THE INPUT:

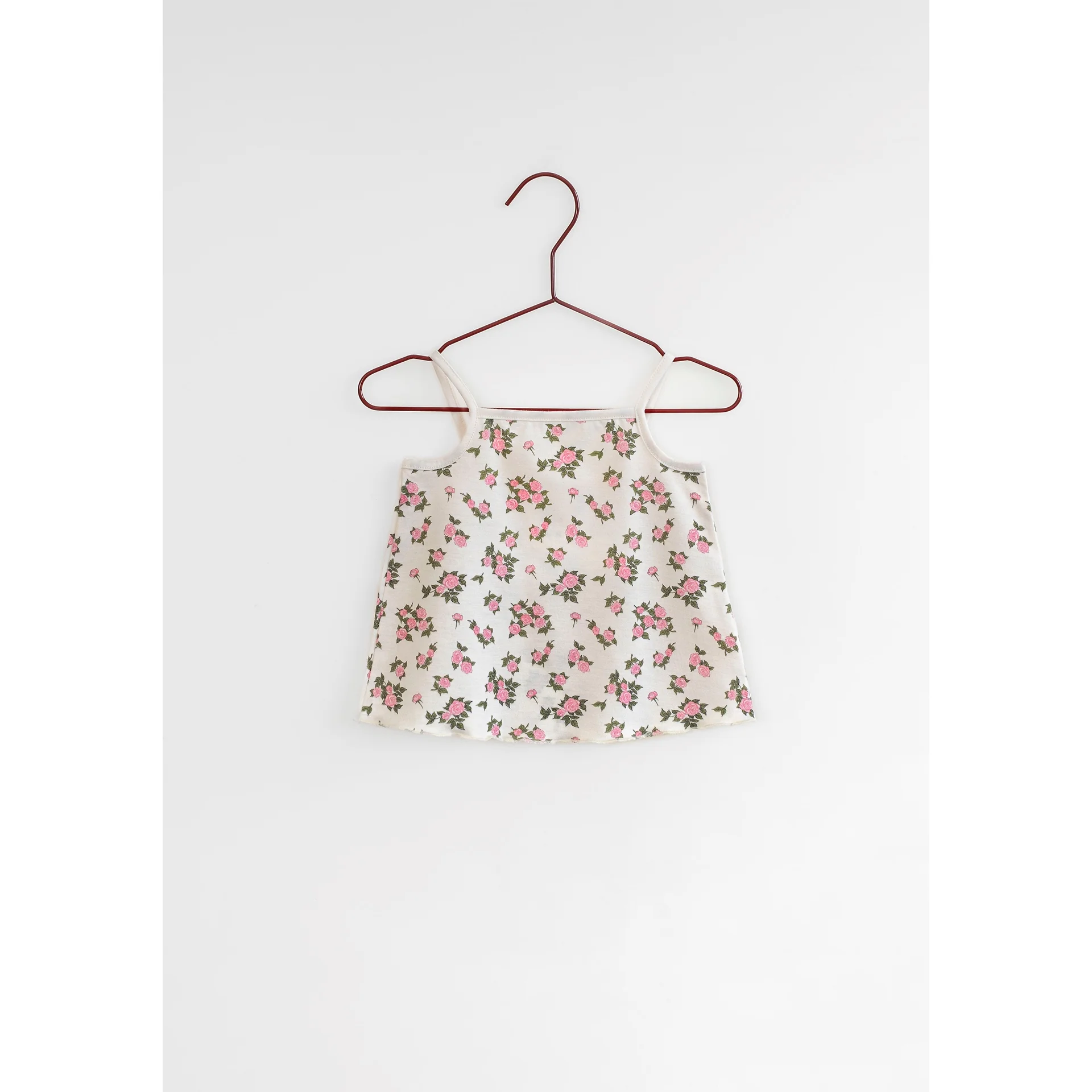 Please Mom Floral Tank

...

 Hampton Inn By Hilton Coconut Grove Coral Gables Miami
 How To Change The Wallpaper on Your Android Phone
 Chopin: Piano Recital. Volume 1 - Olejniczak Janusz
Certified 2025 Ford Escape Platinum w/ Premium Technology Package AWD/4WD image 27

WHAT YOU ARE ASKED TO DO:
Give back exactly the lines of the listing above that run from the line with "Hampton Inn By" to the line with "Certified 2025 Ford", inclusive.

WRITTEN RESPONSE:
 Hampton Inn By Hilton Coconut Grove Coral Gables Miami
 How To Change The Wallpaper on Your Android Phone
 Chopin: Piano Recital. Volume 1 - Olejniczak Janusz
Certified 2025 Ford Escape Platinum w/ Premium Technology Package AWD/4WD image 27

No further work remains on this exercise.